Naciones Unidas y organizaciones defensoras de los derechos humanos sostiene, que la propagación del Virus en la Franja de Gaza será un desastre para su población. Las condiciones de habitabilidad, sanitaria, agua potable insalubre, escaso suministro eléctrico, aguas residuales que vuelcan al mar generando su contaminación. Todo ello mientras el sionismo sigue con su política de sometimiento, de asesinatos, de presión máxima contra sus dos millones de habitantes. Israel, su régimen, su sociedad es responsable, no sólo de la cotidiana muerte de los palestinos que viven en cuarentena desde hace 14 años, confinados por un régimen que comete crónicamente crímenes de lesa humanidad. Este Israel será responsable de la pandemia, que se ceba con un pueblo que soporta, no sólo Covid – 19 sino que también un virus que aplasta los anhelos de libertad como es el peligroso Sion-48.
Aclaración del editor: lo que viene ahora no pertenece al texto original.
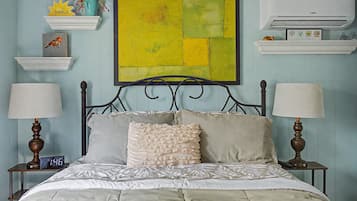 A bedroom with a bed, two bedside tables, a wall-mounted air conditioner, and a large abstract painting.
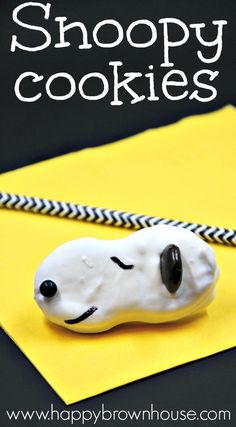 a white dog cookie sitting on top of a yellow envelope with the words snoopy cookies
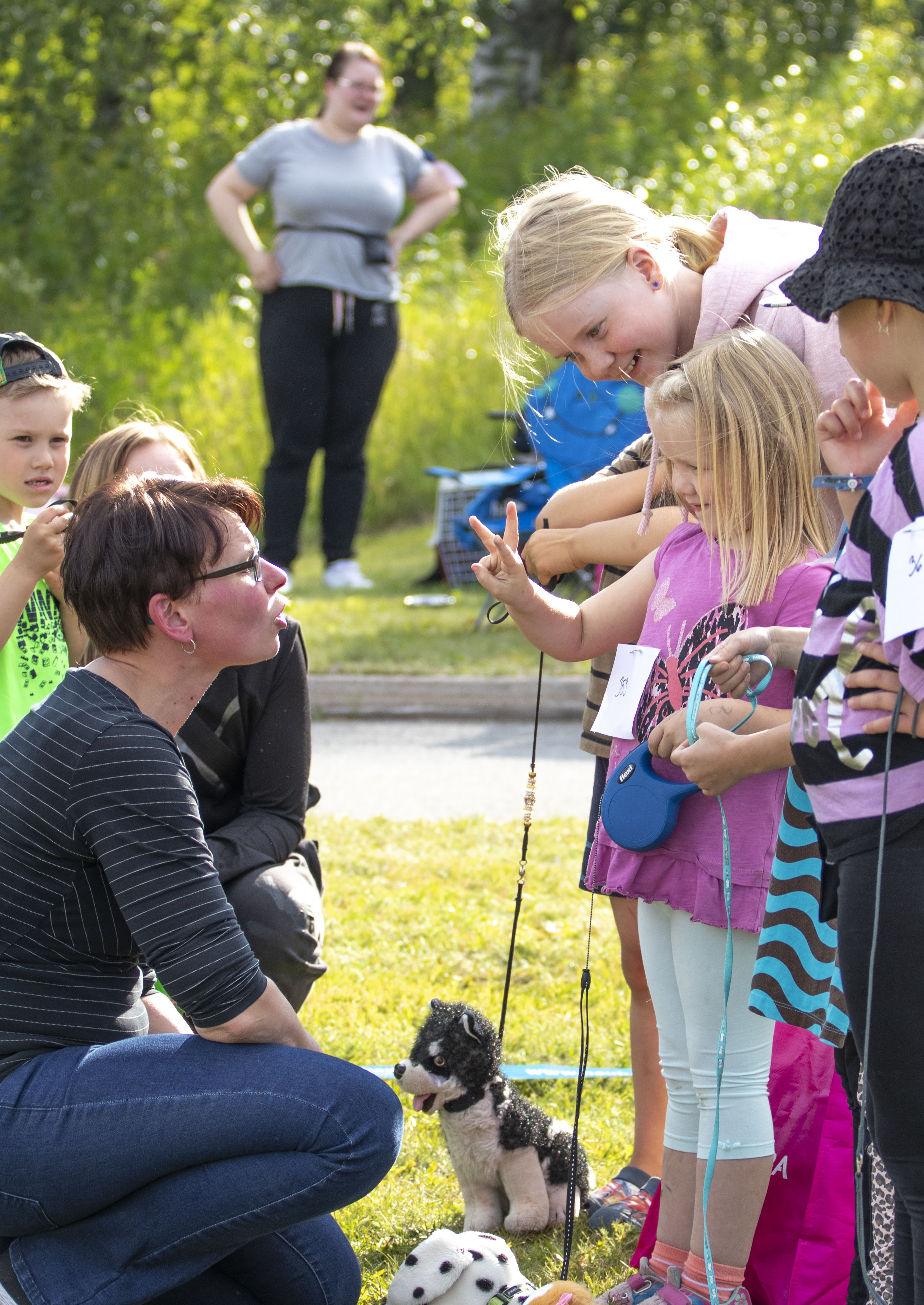Lapsi ja koira sekä lapsi ja leulukoira kehää tuomaroineella Hanna Tolosella oli haastava tehtävä. 5-vuotias Janna Sovisalo näyttää, kuinka vanha Täplä-koira on. Apuna näyttelytilanteessa oli isosisko Noora Viio.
Este patógeno sionista, no satisfecho con contaminar un pueblo, someterlo a un bloqueo que ha significado la emisión de resoluciones condenatorias por crímenes de lesa humanidad, ha continuado con acción vírica lanzando sus cargas de toxinas en el año 2008, 2012 y el año 2014 generando en esas tres agresiones cinco mil muertos y miles de heridos palestinos. La destrucción de un 70% de la infraestructura básica de Gaza. Crímenes que a pesar de ser conocidos, condenados, denunciados, no cambian la política sionista contra Gaza. Un Sión-48 que día a día muestra su capacidad de buscar nuevas formas de asesinar, de diezmar a la población palestina. Un régimen, que en plena pandemia sigue demoliendo las viviendas de los palestinos, que sólo en este primer trimestre del año en Cisjordania implicó demoler, hasta los cimientos 150 de casas. Además, el régimen criminal de Israel ha aprovechado la contingencia (3) de la pandemia de Coronavirus para anexar más tierras palestinas al destruir cientos de olivos en las ciudades sitiadas, como es el caso de Beit Lahm (Belén) sujeta a una cuarentena estricta.
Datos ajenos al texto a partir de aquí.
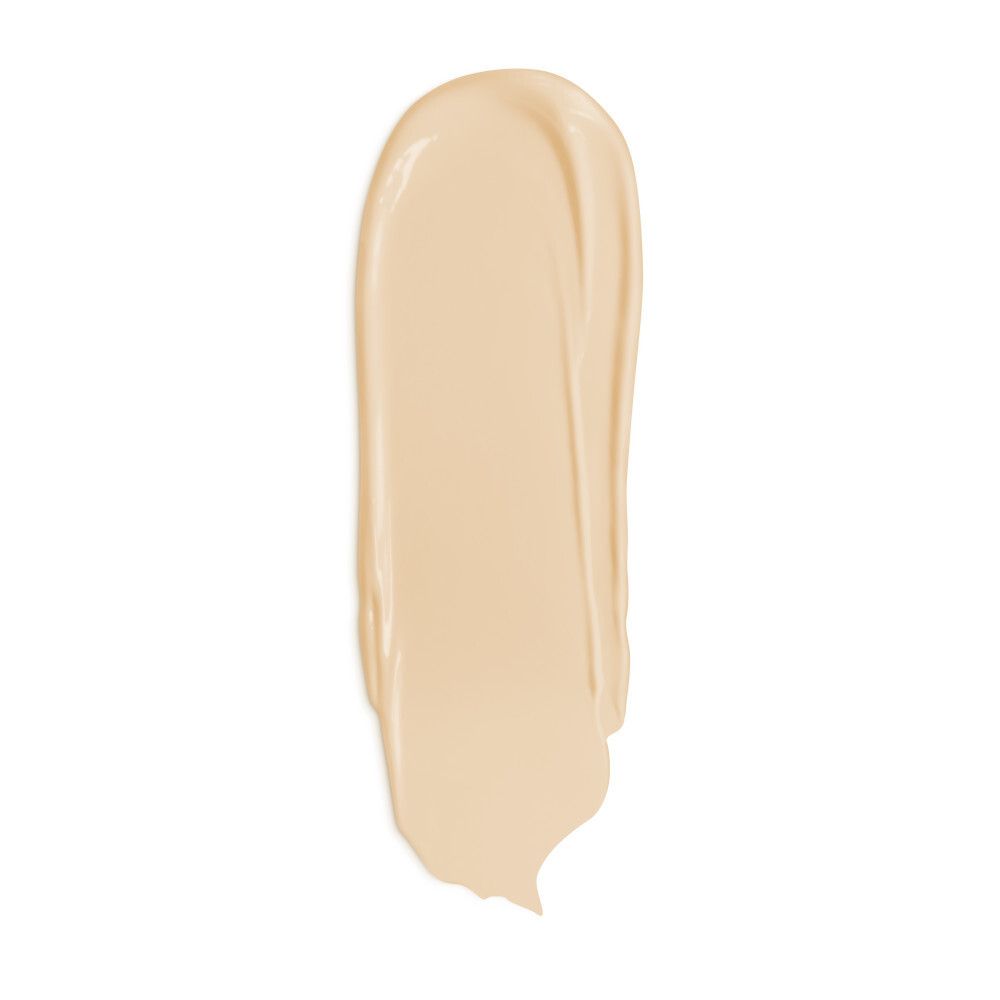 Crème solaire étalée. Teinte: beige clair.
Desde marzo del año 2018 sus francotiradores, instalados en la valla artificial, que separa la Franja de Gaza de la palestina histórica, han asesinado a 350 palestinos, con disparos a la cabeza de las víctimas, generando cientos de mutilados con balas explosivas dirigidas a las rodillas y espalda de hombres, mujeres y hasta niños. Nada detiene este avance tóxico del virus Sión-48, que tal como su símil Covid-19 se expande arrollador, generando muerte y dolor. Sión-48 a diferencia del Coronavirus que nos tiene bajo una pandemia global, no tiene fecha de caducidad. Se ha mantenido desde el año 2006 a la fecha, enclaustrando a su población e impidiendo incluso el manejo adecuado del Covid-19 pues las restricciones contra Gaza incluyen la imposibilidad de tener acceso a camas críticas, fármacos y una atención, que impida seguir asesinando a la población palestina, en esta ocasión, contando con la ayuda de su hermana pandémica.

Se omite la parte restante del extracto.